=== Records to use ===

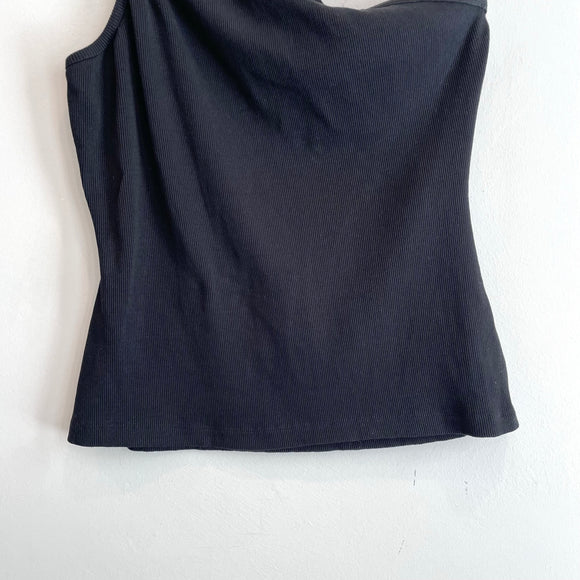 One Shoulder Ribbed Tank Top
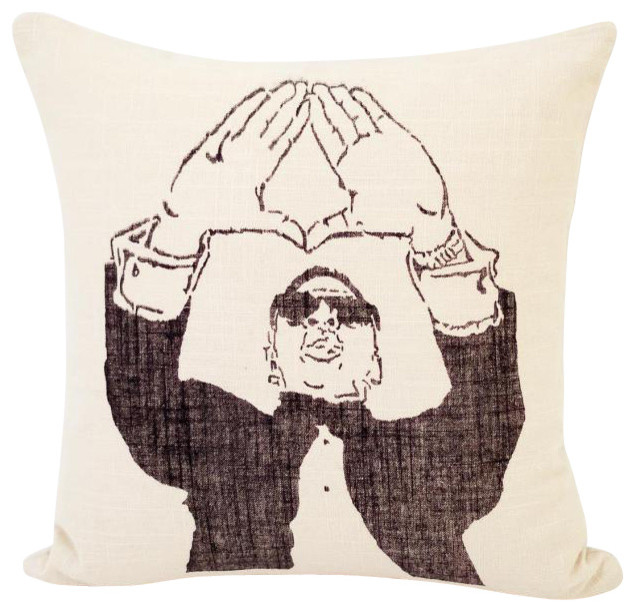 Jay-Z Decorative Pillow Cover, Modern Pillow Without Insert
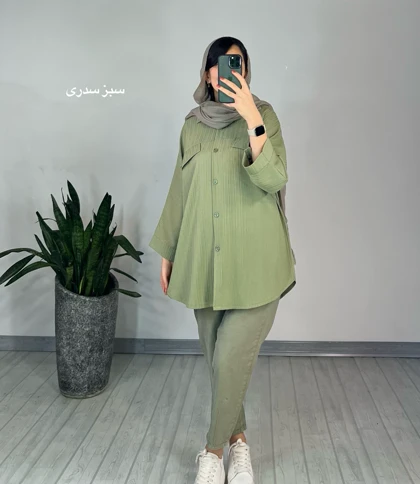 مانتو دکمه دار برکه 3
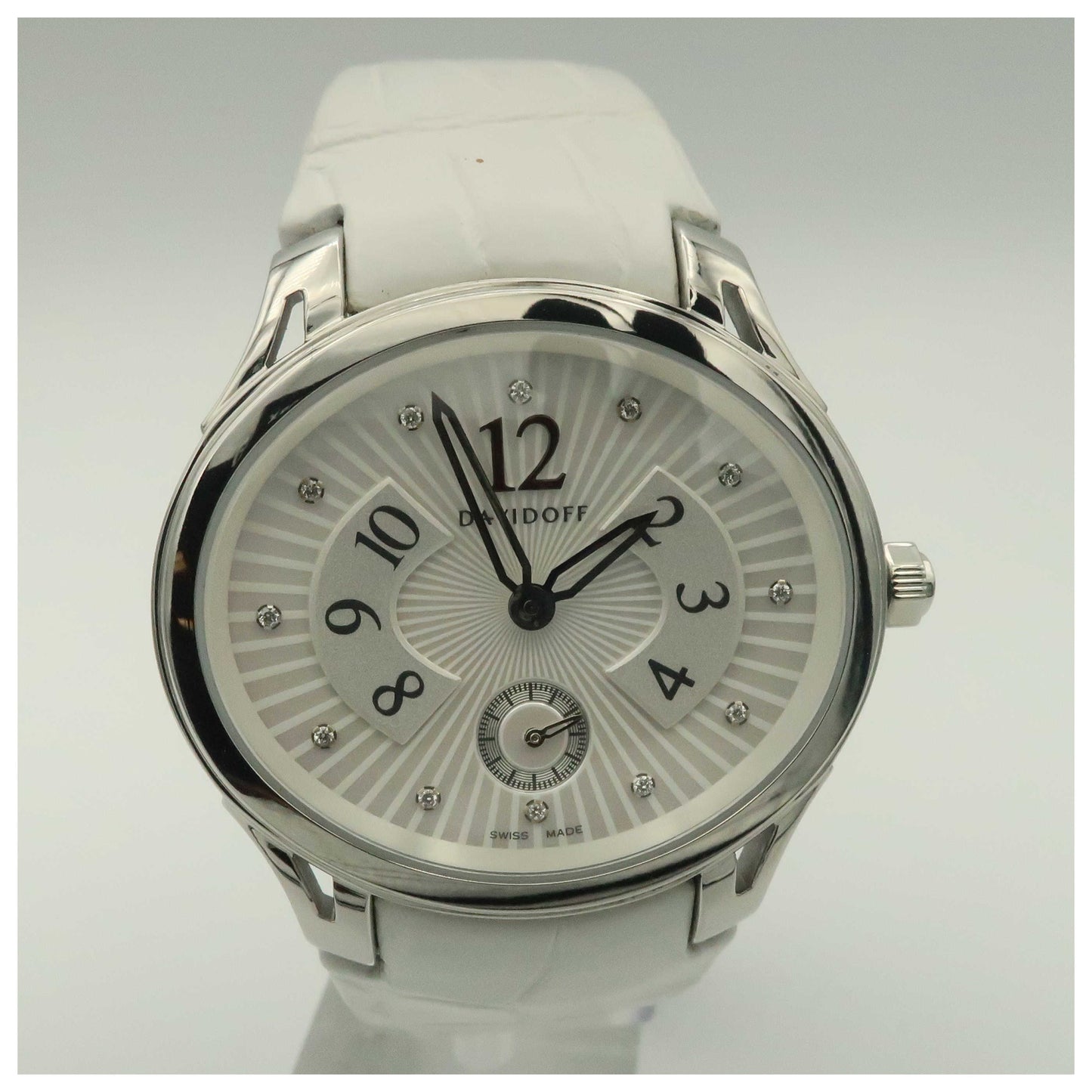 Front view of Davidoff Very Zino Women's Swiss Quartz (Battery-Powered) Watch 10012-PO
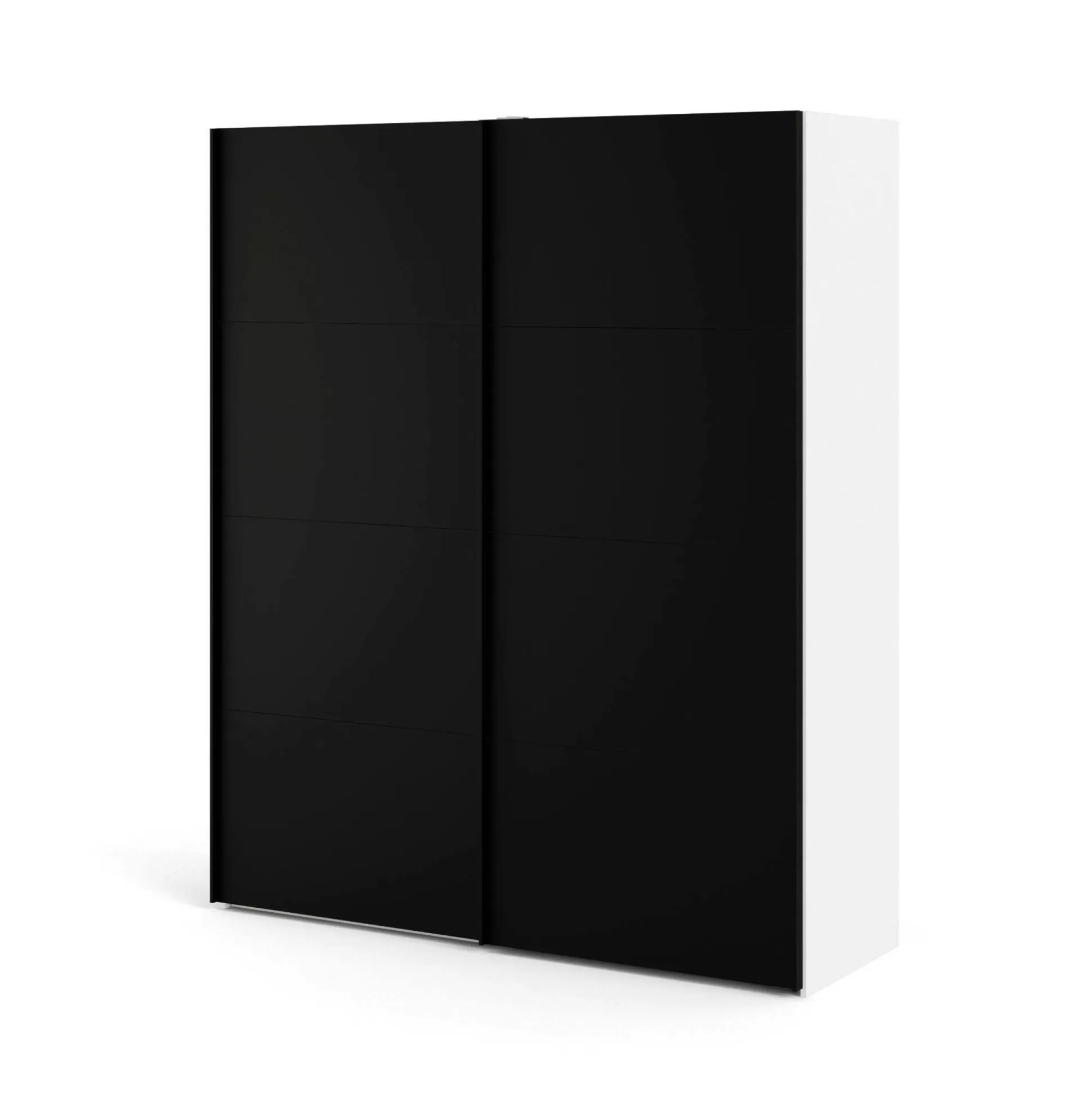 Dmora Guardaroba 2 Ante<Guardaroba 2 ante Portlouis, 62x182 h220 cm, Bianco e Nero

===
=== Records to use ===

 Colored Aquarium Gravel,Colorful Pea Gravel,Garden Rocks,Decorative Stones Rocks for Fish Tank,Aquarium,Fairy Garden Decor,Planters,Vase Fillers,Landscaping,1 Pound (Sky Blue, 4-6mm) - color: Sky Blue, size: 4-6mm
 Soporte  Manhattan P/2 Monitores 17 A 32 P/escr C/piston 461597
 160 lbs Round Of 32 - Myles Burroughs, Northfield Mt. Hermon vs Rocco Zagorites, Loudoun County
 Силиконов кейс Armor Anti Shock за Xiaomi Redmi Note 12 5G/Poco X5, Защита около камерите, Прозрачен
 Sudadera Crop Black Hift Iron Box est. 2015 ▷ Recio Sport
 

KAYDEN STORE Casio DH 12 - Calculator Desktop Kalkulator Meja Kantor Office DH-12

===

Problem:
Find the line with "One Shoulder Ribbed Tank Top" in the entries above. Set down exactly every line from it up to and including the line with "Dmora Guardaroba 2", images excluded.

Exercise answer:
 One Shoulder Ribbed Tank Top
 Jay-Z Decorative Pillow Cover, Modern Pillow Without Insert
 مانتو دکمه دار برکه 3
 Front view of Davidoff Very Zino Women's Swiss Quartz (Battery-Powered) Watch 10012-PO
 Dmora Guardaroba 2 Ante<Guardaroba 2 ante Portlouis, 62x182 h220 cm, Bianco e Nero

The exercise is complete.